Who Said it Was a Bad Idea to Play with Your Food?
An ingenious team of undergraduates didn’t think it was a bad idea. Chris Babcock ’07, David Borrelli ’09, Dan Fink ’09, and Eric Weissmann ’10 submitted UR Biodiesel as an idea for Rochester’s Charles and Janet Forbes Entrepreneurial Competition back in fall 2006. Their business plan proposed a way to save the University money by converting waste vegetable oil from River Campus dining centers, which were paying to have the waste product removed, into biodiesel to power buses. Earning a second-place win, and garnering encouragement from the judges, the team decided to put their plan into action.
The idea has blossomed into a fully functioning lab that produces about 30 gallons of biodiesel each week. The biodiesel is blended with diesel, at a ratio of 80 percent diesel, 20 percent biodiesel. In addition to being used in the campus shuttle, two University contractors, AEY and P&J construction companies, use biodiesel in on-site equipment such as backhoes.
How is biodiesel made?
Waste vegetable oil is transported from dining locations to holding tanks. From there the oil is prefiltered, then pumped into a water heater that warms it while mixing in methanol and potassium hydroxide. Next the liquid travels to 3 more tanks for additional cleaning and drying. Once the mixture is dry – voila – the biodiesel is ready. It take about 3 days to process a batch.

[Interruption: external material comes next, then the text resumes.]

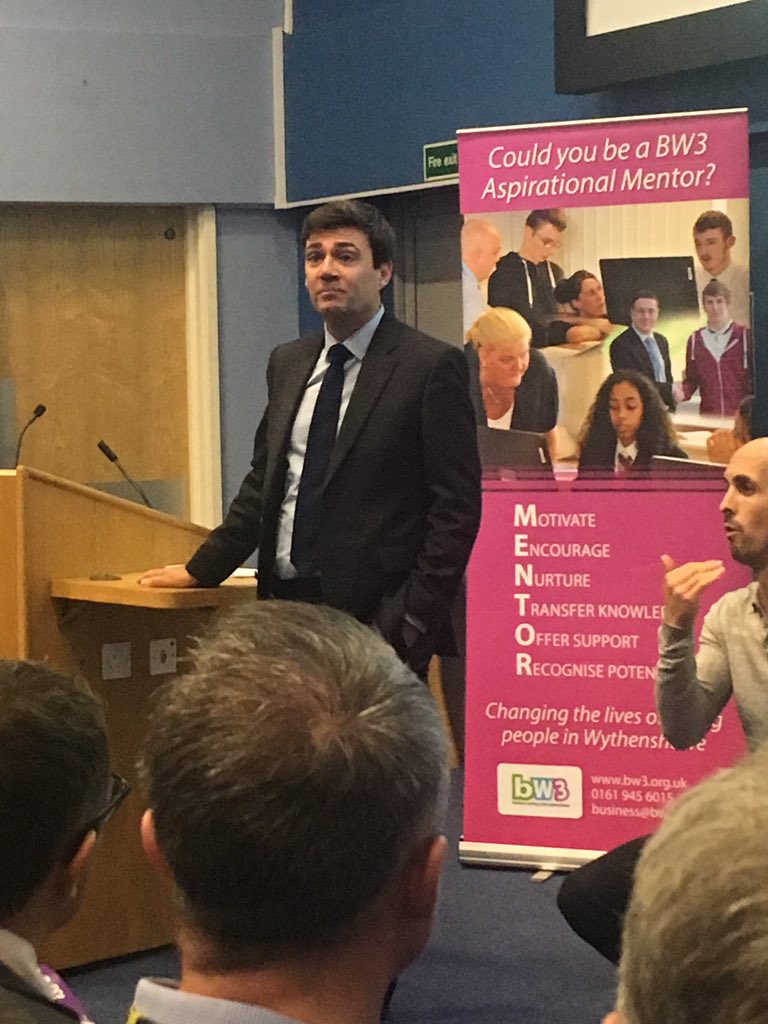 BW3Manchester's tweet photo. Tonight’s @BW3Manchester #WBG Key Note Speaker is @MayorofGM @AndyBurnhamGM talking about his passion to make sure young people have more clarity in the choices they can make, whether it be an apprenticeship, uni or entrepreneur. Which ties in nicely with what BW3 try to achieve https://t.co/6ZEIKYygLQ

This project includes a significant academic component. Ben Ebenhack, senior lecturer in the chemical engineering department and the project’s faculty advisor, allows students to run experiments in his lab to test the science behind the biodiesel processor. Students who do work in the lab also can receive course credit through an independent study.
But what about the bus?
The UR Biodiesel bus began operation on Earth Day, April 22nd, 2009. It runs primarily on the Green Line (pun intended) that transports students to local shopping centers. The bus also occasionally subs in on the other bus lines.
After years of hard work and success, recognition of this project has expanded beyond our local community. On March 2, UR Biodiesel was given the Excellence in Innovations for Sustainability Award by the Association of College Unions International (ACUI).
According to the ACUI, the award recognizes a member of the association that has done the most to solve “environmental challenges by using innovative and environmentally sustainable practices or creative partnerships.” The ACUI looks for a project that has a “significant or novel sustainability advantage” and the “potential to deliver major benefits to the community.”
UR Biodiesel depends on support from administrative units, including Dining Services, River Campus Facilities, Parking and Transportation Services, and the Hajim School of Engineering and Applied Sciences. With the last of the 4 founding members graduating this year, the continued leadership of UR Biodiesel will be dependent on student groups like Engineers for a Sustainable World and students like you.